The strengths of this study include its large size from diverse geographic areas, both middle- and older-aged population and breadth of information that enabled investigation of a wide range of both conventional and genetic factors associated with HBsAg positivity. To date risk factors associated with chronic HBV have been focused on factors related to mother to child transmission and age of infection; while evidence around associations of socioeconomic, behavioural and medical factors with chronic HBV among adults is lacking. Given that the key burden of chronic HBV related disease occurs in middle-aged and older adults, and the low diagnosis rate of chronic HBV in China, our study findings help fill the evidence gap. However, our study also has several limitations. First, the RDT HBsAg test has lower sensitivity than laboratory-based tests such as ELISA used in most existing smaller studies³⁴, leading to a likely underestimation of HBsAg prevalence, which may be more pronounced in those with lower viral load, such as older participants. Second, due to lack of other hepatitis data (e.g. anti-HBc, e-antigen) in the whole cohort, we were only able to compare HBsAg positive to HBsAg negative individuals. We therefore were unable to detect individuals with occult infection, or investigate other phenotypes of interest such as HBsAg viral clearance. Although this approach is consistent with the approach taken by past GWAS^12,14,22, several others were able to investigate HBsAg clearance among a cohort of exposed participants^13,23,24. Third, we investigated SNPs identified in previous GWAS in different populations, mainly from the HLA region, but did not explore further the likely multiple independent effects from various SNPs in this part of the genome, which may vary among different populations. However, our work nonetheless adds to the evidence regarding the likely association between HLA variance and HBsAg positivity in Chinese populations. Four, we did not have information on other relevant risk factors, including drug use, number of sexual partners and vaccination status, in addition to information on viral subtype, which is an important source of disease heterogeneity. Finally, this is a cross-sectional study investigating associations between a range of non-genetic and genetic factors with prevalent chronic HBV, which does not capture risk of incident infection.

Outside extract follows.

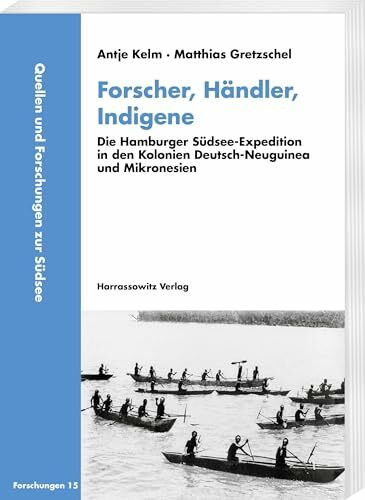 Forscher, Händler, Indigene: Die Hamburger Südsee-Expedition in den Kolonien Deutsch-Neuguinea und Mikronesien (Quellen und Forschungen zur Südsee, Reihe B: Forschungen)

In summary, this study adds to the current knowledge of factors associated with HBV chronicity in adults, which may help to inform targeted HBsAg screening, enabling improved diagnosis and capturing of individuals on the HBV care continuum. Future research combining conventional and genetic risk factors, including viral genotypes, could further improve knowledge about the risk of HBV chronicity and disease progression.